Once you find the line containing "New Cute Star", set down exactly that line and every one after it through the end of the listing below, with both ends included and any pictures omitted.

:::

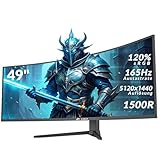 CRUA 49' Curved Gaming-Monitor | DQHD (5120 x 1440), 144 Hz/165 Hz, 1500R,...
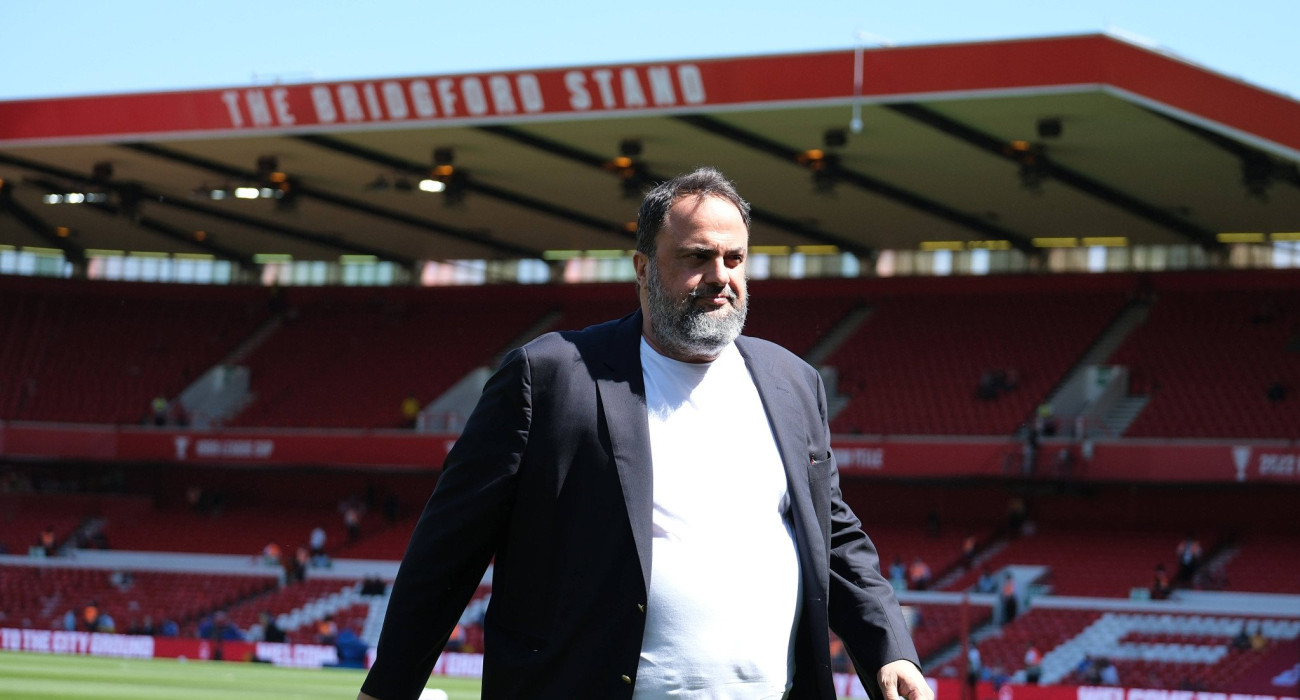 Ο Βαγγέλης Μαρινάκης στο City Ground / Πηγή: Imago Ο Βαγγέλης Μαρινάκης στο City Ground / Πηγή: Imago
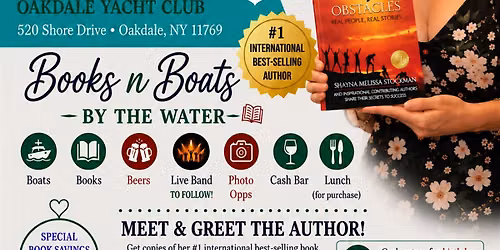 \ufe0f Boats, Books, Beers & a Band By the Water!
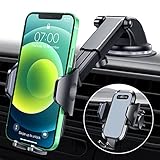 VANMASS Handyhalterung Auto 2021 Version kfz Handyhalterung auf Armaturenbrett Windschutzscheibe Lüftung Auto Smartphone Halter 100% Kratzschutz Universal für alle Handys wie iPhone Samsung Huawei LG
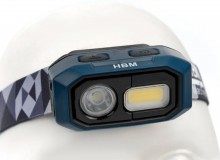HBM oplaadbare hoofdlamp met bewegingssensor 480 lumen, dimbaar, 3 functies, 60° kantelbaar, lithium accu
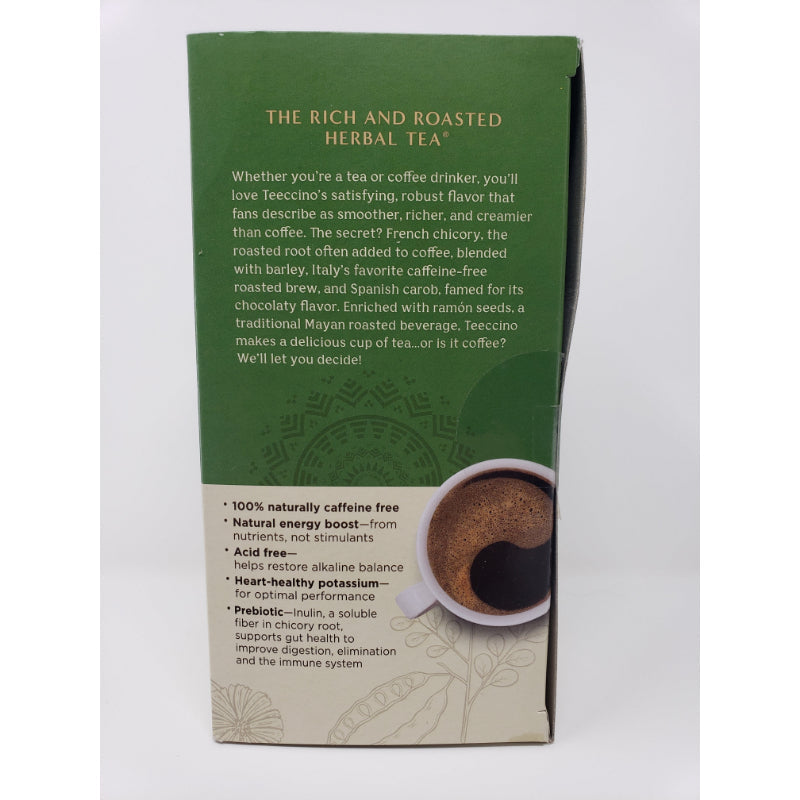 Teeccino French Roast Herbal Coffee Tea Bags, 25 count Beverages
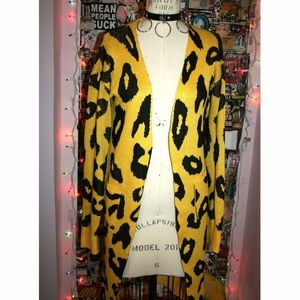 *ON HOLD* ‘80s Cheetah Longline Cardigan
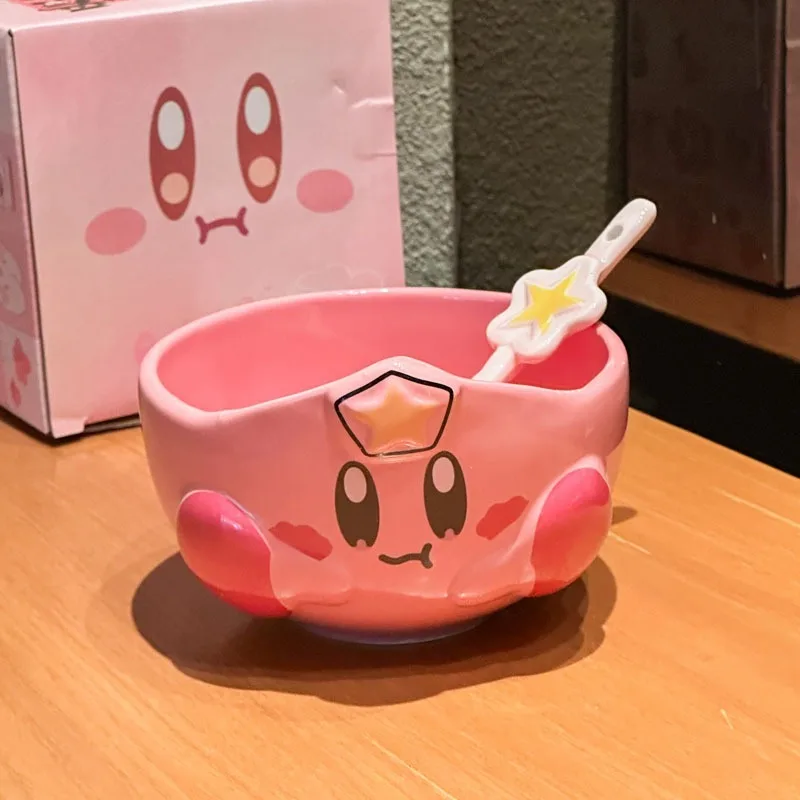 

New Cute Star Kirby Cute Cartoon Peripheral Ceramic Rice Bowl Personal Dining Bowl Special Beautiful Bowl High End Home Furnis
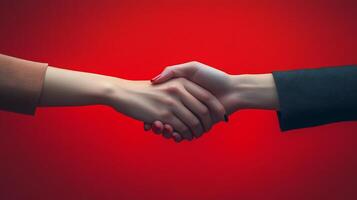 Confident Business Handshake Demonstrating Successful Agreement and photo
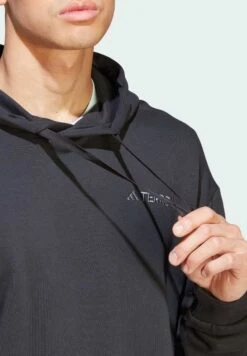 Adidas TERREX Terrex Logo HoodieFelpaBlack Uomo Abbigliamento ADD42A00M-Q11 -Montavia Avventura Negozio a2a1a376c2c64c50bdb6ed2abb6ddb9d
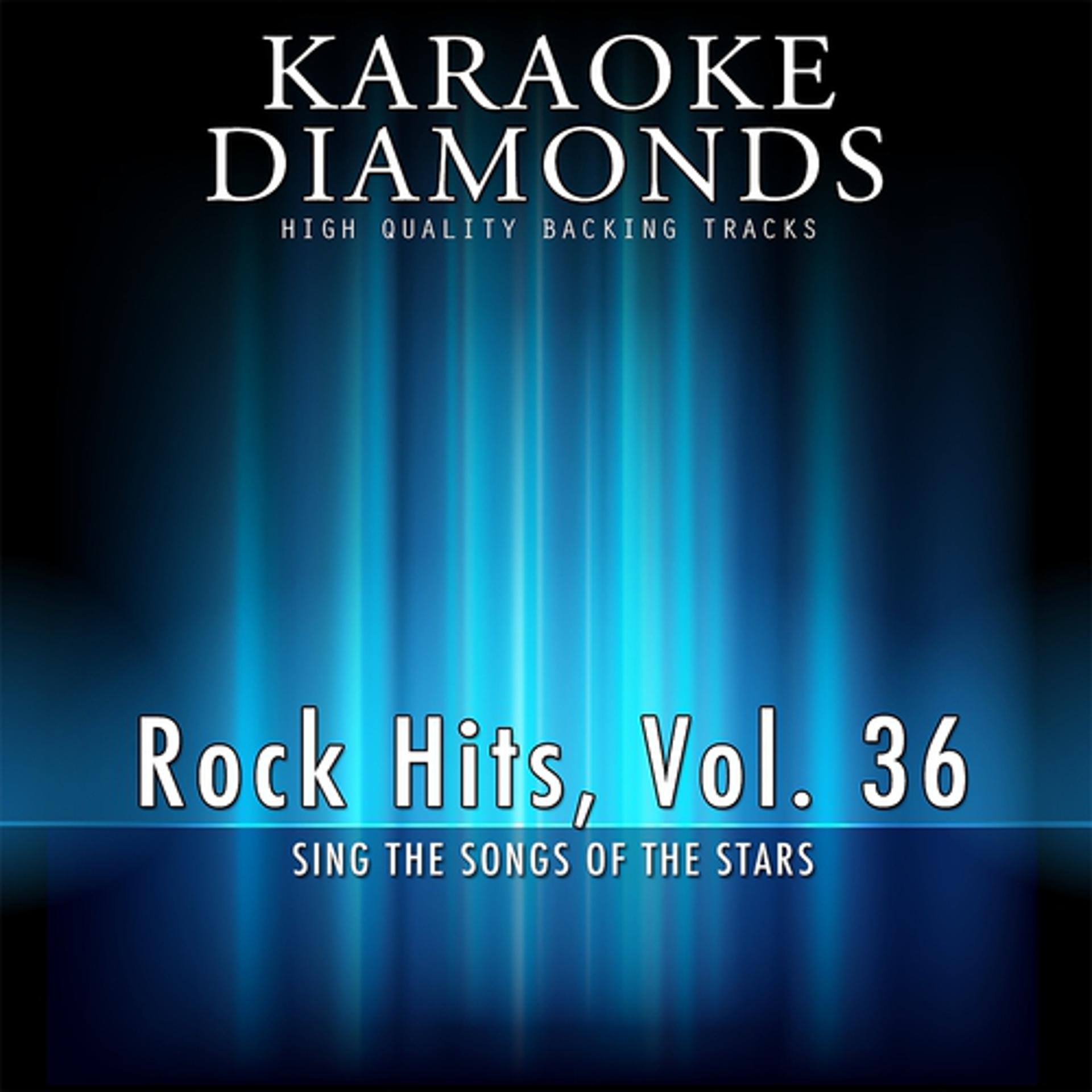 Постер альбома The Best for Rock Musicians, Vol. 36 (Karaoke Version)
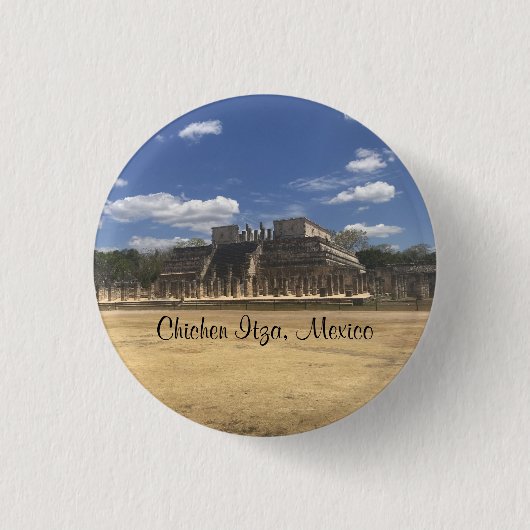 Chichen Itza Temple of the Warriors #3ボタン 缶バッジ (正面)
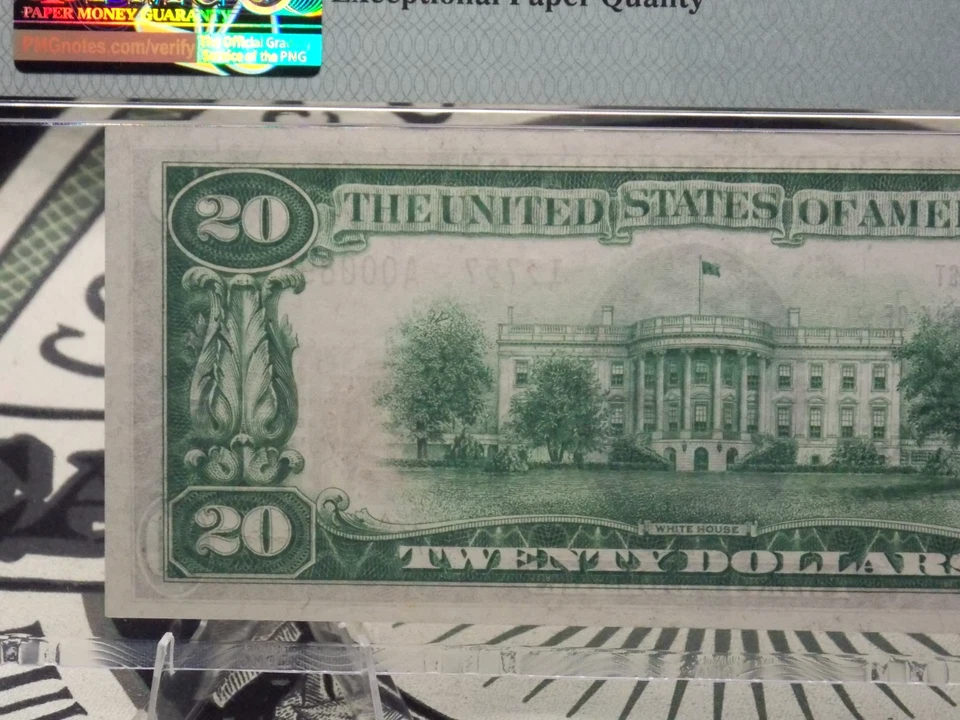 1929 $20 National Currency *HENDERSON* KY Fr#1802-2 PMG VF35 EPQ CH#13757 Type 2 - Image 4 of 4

:::

# Written response
New Cute Star Kirby Cute Cartoon Peripheral Ceramic Rice Bowl Personal Dining Bowl Special Beautiful Bowl High End Home Furnis
 Confident Business Handshake Demonstrating Successful Agreement and photo
 Adidas TERREX Terrex Logo HoodieFelpaBlack Uomo Abbigliamento ADD42A00M-Q11 -Montavia Avventura Negozio a2a1a376c2c64c50bdb6ed2abb6ddb9d
 Постер альбома The Best for Rock Musicians, Vol. 36 (Karaoke Version)
 Chichen Itza Temple of the Warriors #3ボタン 缶バッジ (正面)
 1929 $20 National Currency *HENDERSON* KY Fr#1802-2 PMG VF35 EPQ CH#13757 Type 2 - Image 4 of 4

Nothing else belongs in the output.